A legend, like a gigantic shadow with blurred edges, forms about every man who has been of great importance in his day. For that matter, a legend forms about every significant period in history, too. There is a Greek legend and an Italian Renaissance legend, just as there is a Socrates legend and a Leonardo legend. But the personal legend is the less vague and the more important. When a man’s influence on his fellows is impressive, and often when it is not, a legend grows up about him, even during his lifetime. There was certainly a Roosevelt legend long before Roosevelt’s death, and there is already a Coolidge legend to-day. For the most part these legends eventually fade, flicker and go out (there was even a Blaine legend once upon a time), but when a man’s existence has modified that of millions and left an impress on events, his legend grows and solidifies, rather than diminishes, as the years pass. Until finally it becomes so strong that it alone has life; you cannot possibly get at the vanished individual for the impenetrable legend surrounding his memory.

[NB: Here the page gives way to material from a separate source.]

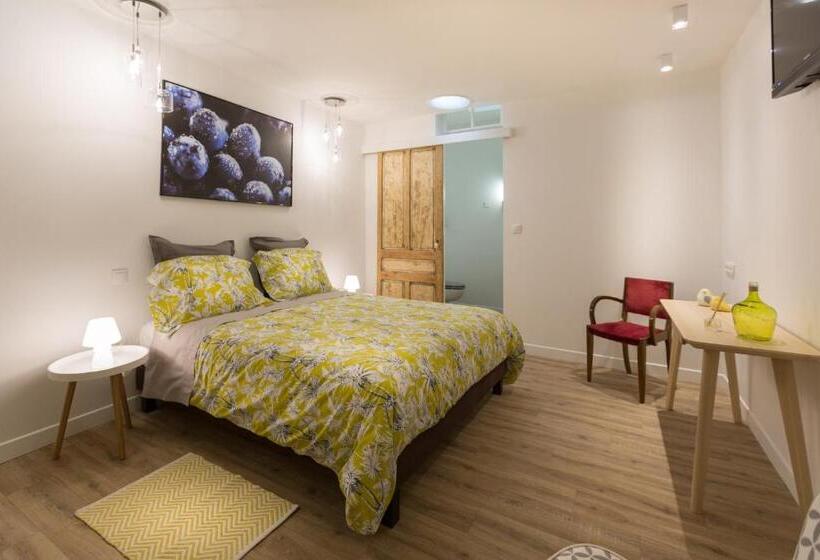 تختخواب و صبحانه Hôtel Spa Le Miel Des Muses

‘Surrounding his memory’ is perfectly accurate; for the legend is not equivalent to the memory. It is, indeed, something quite different, as some of those who knew the dead hero intimately often struggle in vain to show us. Yet in their struggle there is a kind of perplexity; even these intimates become submerged by the legend, and get it all mixed up with their personal memories, so strong it is. The best example of which is to be found in the reminiscences of old men who actually knew Lincoln, since rarely about any one so recently dead has a permanent legend formed so compactly. It is as impossible to know what Lincoln truly was as to know what Washington or Napoleon was. No amount of newly unearthed documents can alter the legend or shake it.

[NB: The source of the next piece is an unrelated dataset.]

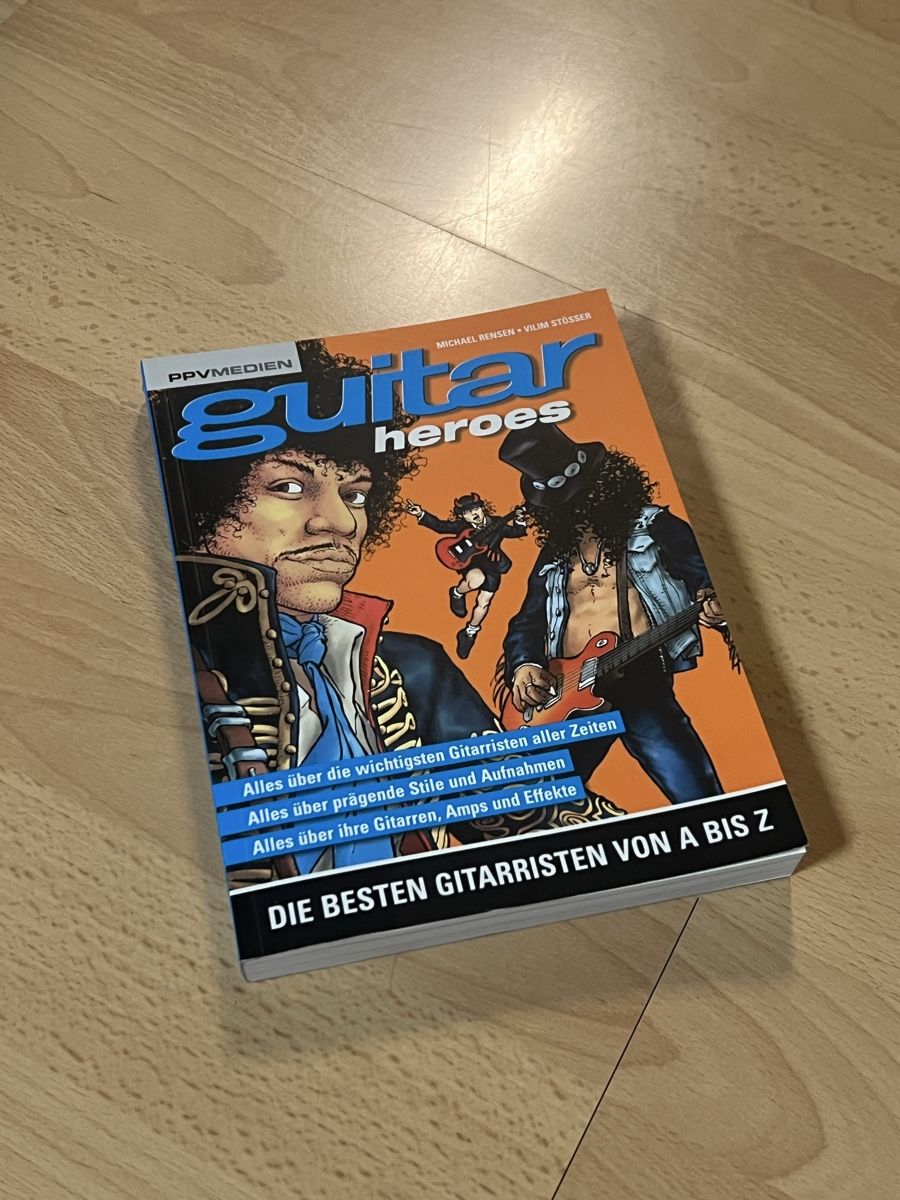 Libri: Buch: Guitar Heroes  – Nuovo (secondo la descrizione) da Oekingen venduto da steph.67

For this is the strength of legend: that it is not thought, but feeling. When I know a man well I do not think of him as having dark hair, a straight nose, rather small eyes, and a stoop. His presence or the mention of his name produces in me a certain sensation that, so far as I am concerned, is the man. My like or dislike for him, my opinion of his character, may be affected by what others tell me about him; but that sensation nothing can alter. It is of precisely the same kind as the sensation given me by a certain odour or a certain melody. It is unmistakable.

Something like this, legend gives. One says Lincoln, and a feeling, a sensation, springs up in the mind.

This emotion, this legend, the patriotic Sunday-Schoolish brand of literature attempts to exploit, and history attempts to ignore.